BF: I imagine that you grew up in some part of Russia being groomed as an Olympic hopeful for the good of the country. You fake the Kiwi accent well though.
TV: Ha-ha, sounds like it doesn’t it! Is South Africa part of Russia? Believe it or not it was my choice to be playing that many sports.
I think my current athletic lifestyle is a result of my past and that I am always happier when I am healthy and active. I am totally in love with the fact that I own a business which allows me to express my passion for sport and fitness and I get to share that passion with others. That is the cherry!
Being active is part of human nature and everyone has the potential to enjoy it and make it part of their lifestyle, they just don’t know it yet! Find something you are passionate about and focus on enjoyment first, that is success - results will follow.

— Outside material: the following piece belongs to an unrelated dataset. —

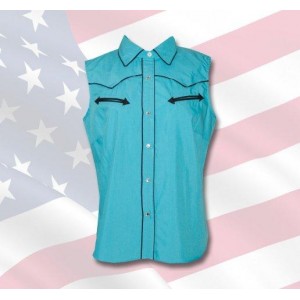 Chemise western femme  modèle " CLAUDIA " turquoise .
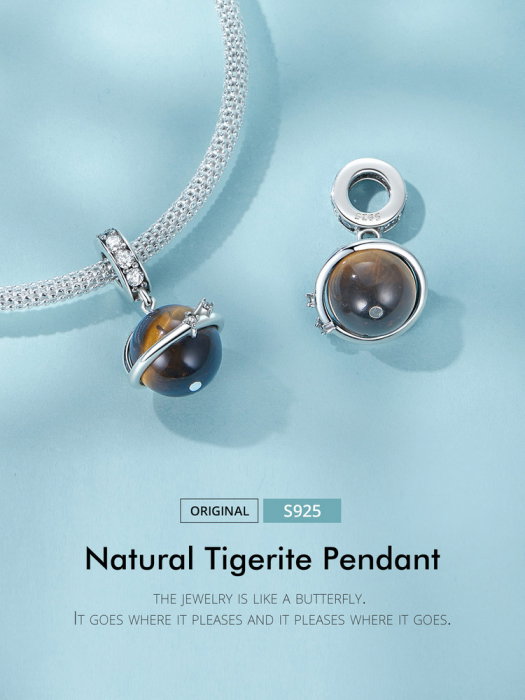 Pandantiv argint planeta cu ochi de tigru [16]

BF: There aren't many physical cultures around anywhere but it seems that you and Darren have created one in Auckland. Are you still out playing when you aren't at the gym? Is the surfboard that Chase left at your place during our visit getting some time in the water?
TV: We are doing our best, but we are still fighting the usual crap media hype that surrounds the health and fitness industry. Luckily for us CrossFit speaks for itself and now some of our once sedentary clients are out rock climbing and searching the net for new fun adventure races to enter!
I can’t speak for Darren but I definitely try to get out and about. It is winter here so not much surfing going on but when I am not working on the business I am trying to get into my kayak or head down to the driving range to hit some balls.